Instrumentation Process

Introduction

The Engine reads and disassembles the instrumented binary one basic block at a time. In case a conditional branch terminates a basic block, the execution result of this basic block is needed to determine the next basic block to execute. This makes the case for a per-basic-block processing and execution.

Every basic block is first patched to solve two main problems:

Relocation:
The basic block will be executed at a different location and thus every usage of the Program Counter, either directly as an operand or indirectly when using relative memory addressing, needs to be patched to make the code relocatable.
Control Flow:
Branching instructions should not be directly executed as this would result in the execution escaping from the instrumentation process. Thus the resulting target of a branching instruction needs to be computed without being taken.

Once a basic block has been patched, the instrumentation operations requested by the user code are applied. Both the patching and the instrumentation are expressed in an Embedded Domain Specific Language [1] called PatchDSL which is executed by the engine.

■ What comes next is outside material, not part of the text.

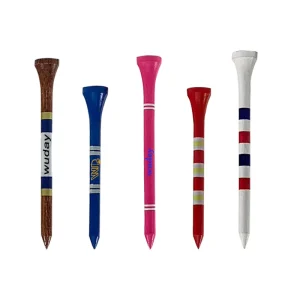Custom Logo Printing Wooden Bamboo 70mm 83mm Golf Tees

The resulting instrumented basic block is then handed over to the ExecBlockManager which handles a cache of basic blocks placed inside execution units called ExecBlock. The ExecBlockManager is tasked with finding memory space inside an ExecBlock to place the instrumented basic block and also retrieving cached basic blocks.

An ExecBlock manages on the guest side two memory pages: one for the code, the code block, and one for the data, the data block. The ExecBlock also handles the resolution of the relocation of the patched code before assembling it in the code block.

The instrumentation of the code allows defining callbacks to the user code directly from the instrumented binary through the ExecBlock. These callbacks allow to inspect and modify the state of execution of the guest on the host side at every point in time.

Implementation

The figure below presents the life of an instruction and summarizes the main steps and classes involved along the way. This is intended to give an overview of what the internals do.

An instruction exists in three different representations inside QBDI:

Bytes: Raw bytes of machine code in memory.
MCInst: LLVM machine code representation. The instruction is only partially disassembled but still provides a list of operands. Anyone interested in more details regarding this representation should refer to the official LLVM documentation and experiment with llvm-mc -show-inst.
RelocatableInst: QBDI representation of a relocatable MCInst. It consists of an MCInst and relocation information.

There is another important class: QBDI::Patch. A QBDI::Patch aggregates the patch and the instrumentation of a single instruction in the form of a list of QBDI::RelocatableInst. It is the smallest unit of code which can be assembled inside an QBDI::ExecBlock as patching or instrumentation code cannot be split in parts without problematic side effects.

The assembly and disassembly steps are directly handled by LLVM for us. The Engine takes care of the patching and instrumentation using a programmable list of QBDI::PatchRule and QBDI::InstrRule. More details on those rules can be found in the PatchDSL chapter. Relocation is handled directly in the QBDI::ExecBlock.